Monday, April 5, 2021

5 Communications Lessons to Learn Today



I've been covering the workplace for a long, long (long) time, and the one thing I have learned is that 99 percent of the problems in the workplace occur because  of poor communication.

Poor communication between managers and employees and poor communication between co-workers is usually at the heart of every snafu, dispute and poor job performance.

That's why I think a recent podcast with management guru Robert Sutton is valuable. You can find the full transcript here, but let me highlight some of his points about how to communicate better:

 1.  "A lot of what a leader’s job is is to be clear about where people should focus attention and where they should not focus attention."

2. "There are people who suffer from collaboration overload. There’s all sorts of evidence...that essentially you’ve got 3 to 5 percent of the people who do 35 percent of the work on many teams. They get beleaguered. They get burned out. They quit. They get cynical." 

3. "When there’s hand-offs between people, between silos, those are the places where the conflict, where the misunderstanding happens. And as a leader, what your job is is to have everybody, for example, in every silo and in every shift understand what it feels like to be the giver and the receiver in the hand-off situation."

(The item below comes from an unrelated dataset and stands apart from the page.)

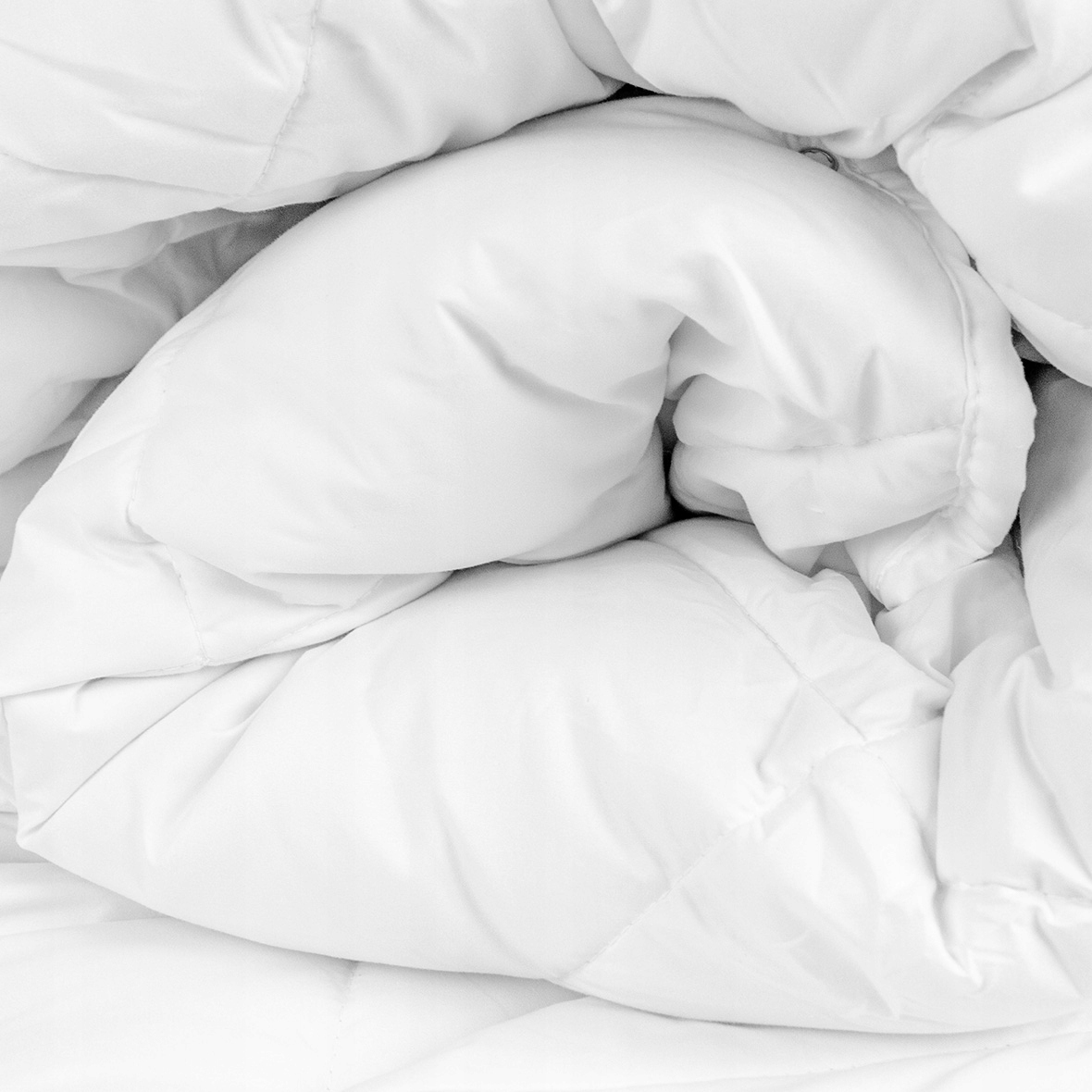 Polska KOŁDRA 4 pory roku VITAMED 140X200 POLDAUN Kod producenta 0101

4. In meetings, "if a CEO talks the whole time, that's a bad sign. If you’re a boss, shut up and ask more questions. What good leaders do is that they make it safe and encourage the people who talk less to sort of add something, too."

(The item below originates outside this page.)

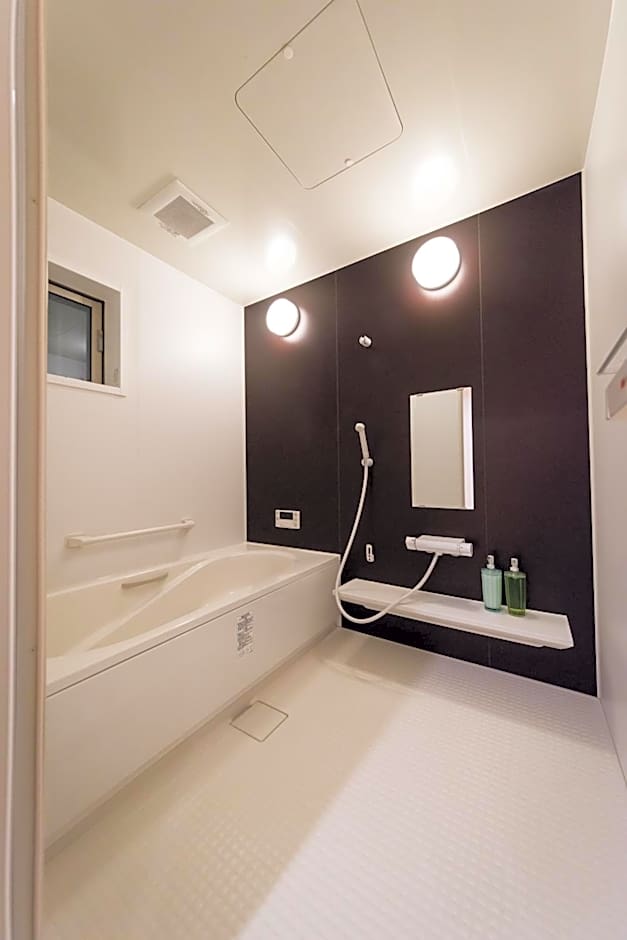 KIZUNA HOTEL Gojo Kiyomizu-dera Kamogawa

5. "There’s all sorts of evidence that when people argue in an atmosphere of mutual trust, that they’re more likely to bring different perspectives. They’re more likely to develop the best ideas."

No matter what your job, these are the things you need to think about and try to implement in your daily communications. Do you ask questions? Do you cut off someone who annoys you or do you let him/her voice an opinion? Do others trust you enough to give their honest opinions? 

Working on these issues will not only make you a better communicator, but a more valued member of any team.

Monday, March 29, 2021

How to Answer "Tell Me About Yourself"

 



"Tell me about yourself" is the most common interview question asked of job candidates, which is why it's a good idea that you come up with a great answer.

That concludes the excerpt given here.